As Media Matters noted, Erickson's Red State testimony came after declaring "I am tired of talking about the Arizona shooting," apparently because "the left has done its best to try to pin it on the right." After charging that "Barack Obama's advisors are urging him to seize the moment and join the left in blaming the right for this violence," CNN's controversial right-wing flame thrower declared where those praying for the Jewish Giffords should look for answers:
Through it all though, well meaning people on both sides of the ideological and partisan divide are not talking about the one thing that should be talked about -- a saving faith in Jesus Christ.
After acknowledging, "This is not intended to be a sermon," Erickson continued:
The topic of faith in Christ makes people cringe. But whether you believe it or not, here is the reality: beyond us is a world we cannot see with our eyes. It impacts us on a daily basis. It is a world of very real angels and very real demons. It is a world of a very real God and a very real Satan, a very real Heaven and a very real Hell.
The back and forth and accusations and lies surrounding Jared Loughner should be a constant reminder to us that there is more at play in our world than what we see. And, frankly, at times like this I am more and more mindful of the great chasm in this world between the saved and damned.
To his credit, Erickson admits, "I am no saint. And I am no preacher." That's a step forward for the Georgia lawyer and church deacon, given his past slanders and threats.

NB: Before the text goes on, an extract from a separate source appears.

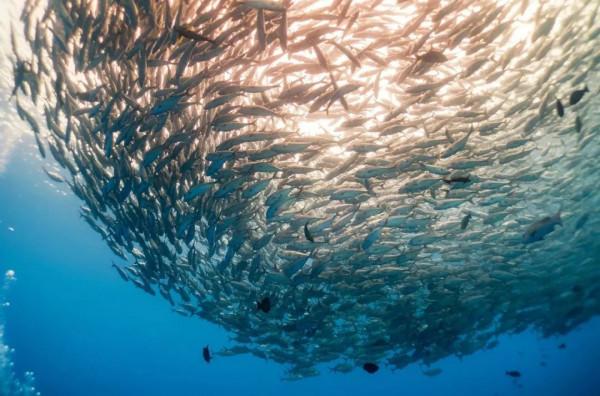 度假觀光特輯|仙本那:潛水迷的天堂,海底世界美到爆 度假觀光特輯|仙本那:潛水迷的天堂,海底世界美到爆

Slanders directed at, among others, a Justice of the Supreme Court of the United States. With the departure of David Souter from the bench, Erick Erickson took to Twitter, where he could hardly contain his joy:
"The nation loses the only goat f**king child molester to ever serve on the Supreme Court in David Souter's retirement."

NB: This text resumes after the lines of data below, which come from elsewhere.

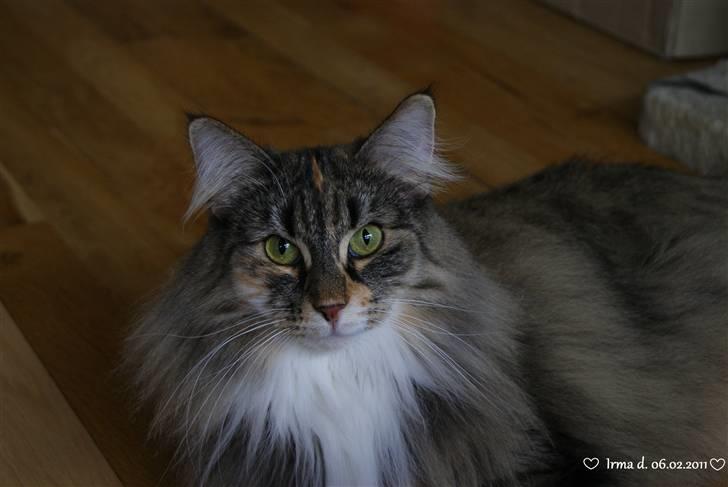 Norsk Skovkat Irma-Pigen  - 06.02.2011 billede 5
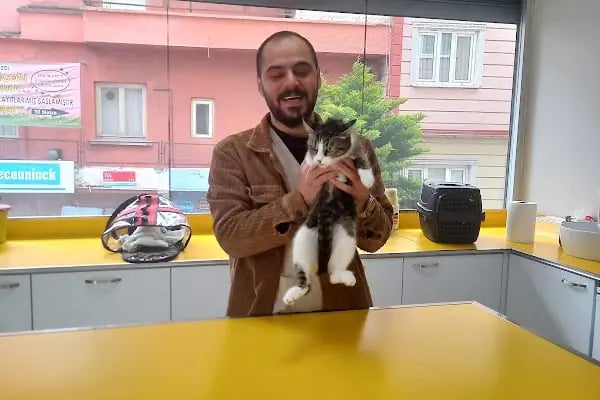 Petstory Veteriner Kliniği 7/24 Küçükçekmece - Resim 13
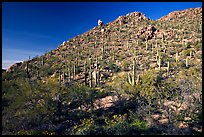 Hillside in spring with desert annual flowers, Hugh Norris Trail. Saguaro National Park, Arizona, USA.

After declaring of the Obama administration's health care reform spokesperson, "Linda Douglass is really the Joseph Goebbels of the health care shop," even Erickson admitted to his CNN colleague Howard Kurtz, "I probably shouldn't have said that."

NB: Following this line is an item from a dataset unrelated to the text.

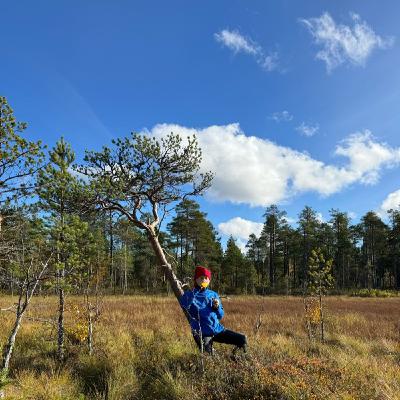 Karpalosuo, Hailuoto Pohjoisranta Karpalosuo, Hailuoto Pohjoisranta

The not-so Christ-like Erickson also told Kurtz that "I've definitely evolved" since smearing Barack and Michelle Obama. As Kurtz recalled for him in March:
The first lady, you wrote the following -- the headline was, "Is Obama shagging hookers behind the media's back?" And you write, "I assume not. I assume that Obama's Marxist harpy wife would go Lorena Bobbit on him should he even think about it."
And before protesting today about "all of the media handwringing over the 'tone' in the country," Erickson was among the leading conservative voices of the conservative movement casually turning to the language of violence. As Politico reported in April:
Erickson -- the founder of the conservative blog RedState -- said on his Macon, Ga.-area radio show Thursday that if a census worker carrying a longer American Community Survey form came by his house, he would "pull out my wife's shotgun and see how that little ACS twerp likes being scared at the door."
Lawmakers in Washington State, too, came in for a rhetorical blast from Erickson for, of all things, regulating the phosphate context of dishwashing detergent:
"I'd be cleaning my gun right about now waiting to protect my property from the coming riots or the government apparatchiks coming to enforce nonsensical legislation."
Back in Tucson, Gabrielle Giffords' Rabbi Stephanie Aaron explained, "In Jewish practice, we have an idea of repairing the world," adding that Giffords "was very active in doing that work and being a pursuer of justice."
Being a pursuer of justice and a repairer of the world - that's a lesson Erick Erickson might want to try to learn.